BY ZAIN VERJEE
#SomeonetellCNN has been trending all day. Yes. Kenyans are seriously pissed off. CNN ran a story saying President Obama was about to wade into a “hotbed” of terror by going to Kenya. I must say my eyes rolled to the back of my head when I saw that font on TV. “Uh oh” I thought.
President Obama is on his way to Kenya, the home of his father. It’s my home too. My family has lived in Kenya for more than one hundred years. Kenyans care enormously, at this moment especially, about how we are perceived and how rooted in reality it is. We will not hesitate to comment with our thumbs. “Shenzi” has been the general vibe. Swahili for “idiots.”
As a former CNN anchor and correspondent and a Kenyan I want to say the following:
Words like “Hotbed” are catchy words that catch the viewer’s eye and drive up ratings. It’s the American TV business. Not just about Kenya.
Africa is still perceived by the majority of US writers and producers as a dangerous place, that it’s all pretty much the same. The images of violence and attacks don’t help the standard narrative. We (Africans) need to change this perception so words like “hotbed” are not the immediate Kenyan association in newsrooms.
CNN USA is a very different beast to CNN international. It’s like two separate worlds really. CNN USA is driven by much more by short-term gain, higher drama with a daily pressure of ratings and the need to win the minute. CNN international is more nuanced, not driven by the business of daily ratings. There is there’s a much more sophisticated internal approach to Africa programming and reporting.
To Western media covering Kenya: Please. Kenya is not a hotbed of terror. We are not Iraq. Afghanistan or Libya. We have some major security problems. Very serious. Yes. I am not sidestepping that. I have covered many attacks myself. The security issue should be covered, criticized, and the security apparatus’ effectiveness questioned. Terrorism has been awful for Kenya, and for our tourist industry.
But during the Obama trip, also leave a few minutes or 30 seconds before a break or a kicker to show some cool Kenyans doing cool stuff, spotlight the innovation, the humour, the technology, the style, creativity and the vibrant political debate. Lots of awesome stuff is going on. It’s not a whitewash. It’s the real other side of the story that does not get told in a 90 second piece or three minute live interview.

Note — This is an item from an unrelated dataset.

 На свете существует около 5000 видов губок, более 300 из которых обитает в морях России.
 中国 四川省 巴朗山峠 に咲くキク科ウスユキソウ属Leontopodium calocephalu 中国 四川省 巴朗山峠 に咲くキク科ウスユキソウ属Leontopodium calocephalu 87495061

And look. The entire CNN network should not be slammed for a ‘font’ that popped up on one package: “hotbed.” That font was generated by a single writer, or producer, who didn’t know better, or should have known better. I’ve worked at CNN most of my life. There are anchors, producers, writers, reporters and managers that are excellent journalists, that I respect greatly, who have visited Kenya, like Kenya and get the nuances, and gave me personally, a lot of freedom to tell great Kenya stories over 14 years.
So Kenyans have given CNN a hard slap on social media. We have flexed our hot twitter muscle and voiced our displeasure. Let’s put it to bed. Let’s focus on the big visit and getting what we need like: easier visas, (even my parents don’t want to visit me because they don’t want to deal with visa applications), scholarships for Kenyans, and direct flights from the US to Nairobi… and whatever else we want.
We also need to focus on building our own influential storytelling platform where Kenyan voices are heard on a global scale as professionally and authentically.
I want to ask all Kenyans, during this trip, share your Kenya story – blog, post to social media, do something! Let’s rise above this and focus on important things … like the #kiderograss and making sure it grows by, um, tomorrow.